Historically part of the North Riding of Yorkshire, the village is situated on the A174 road 1 mile (1.6 km) east from Loftus, and inside the North York Moors National Park.
Easington's church, dedicated to All Saints', is Grade II listed. The church was built in 1888–89 by C. Hodgson Fowler in Decorated style, largely with bequests from the Palmer family of Grinkle Park, and incorporated fragments and remains of the previous church. The side chapel and several of the furnishings are by the firm of 'Mousey' Thompson of Kilburn.
The village public house, the Tiger Inn, was previously a building of the same name at the opposite end of the village.
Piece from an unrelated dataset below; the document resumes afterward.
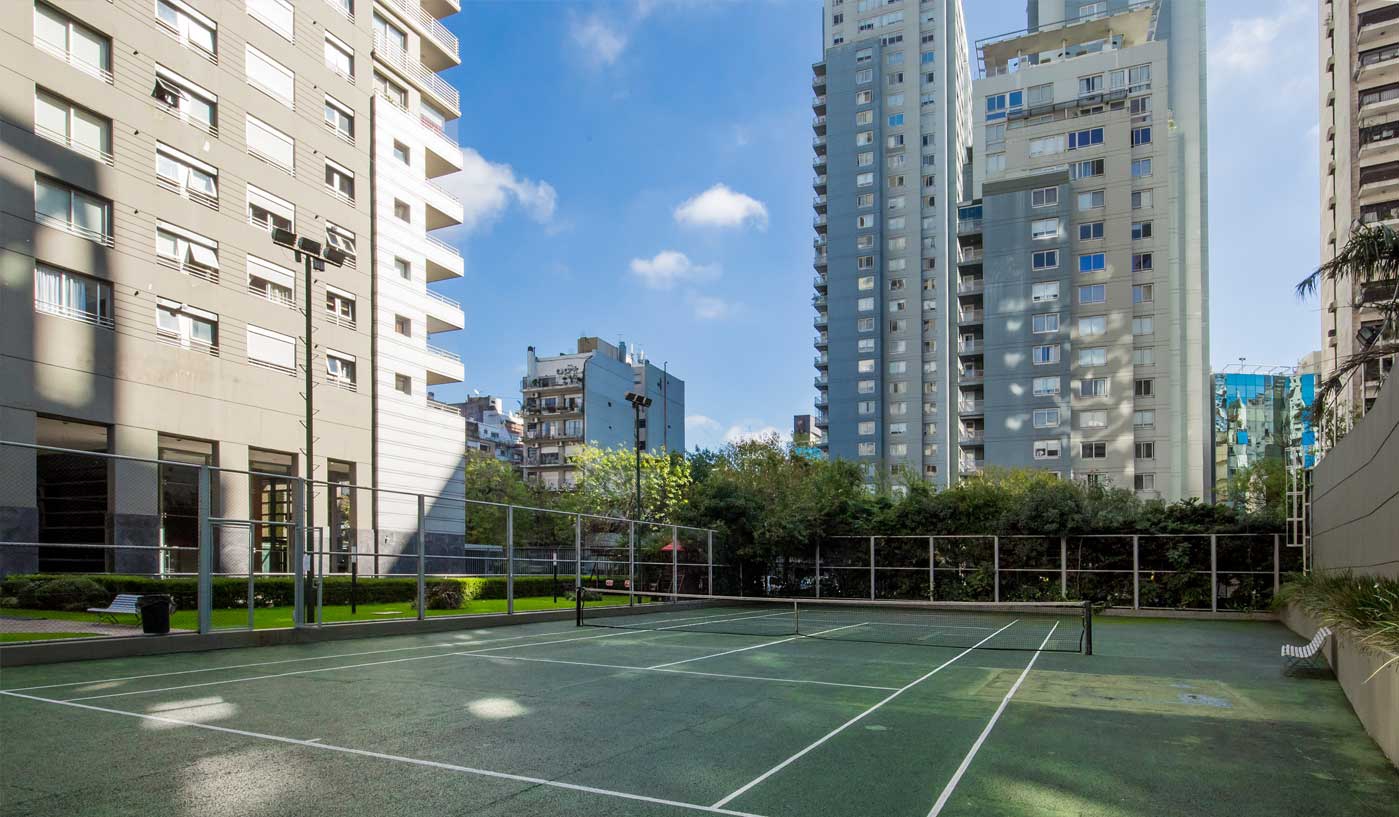 Modern Two Bedroom Apartment with Pool, Gym and Tennis Court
The village had a railway station on the Whitby, Redcar and Middlesbrough Union Railway. The station was opened in 1883 as Easington, the name changing in 1904 to Grinkle after the local house and seat of the Baronets Palmer, Grinkle Park. The renaming was to avoid confusion with the station at the larger Easington, County Durham, also on the North Eastern Railway's network. The station closed on the eve of the Second World War and never re-opened.
The Palmer Baronetcy, of Grinkle Park in the County of York and of Newcastle upon Tyne, was created in the Baronetage of the United Kingdom on 31 July 1886 for Charles Palmer, a coal and shipping magnate and Liberal politician.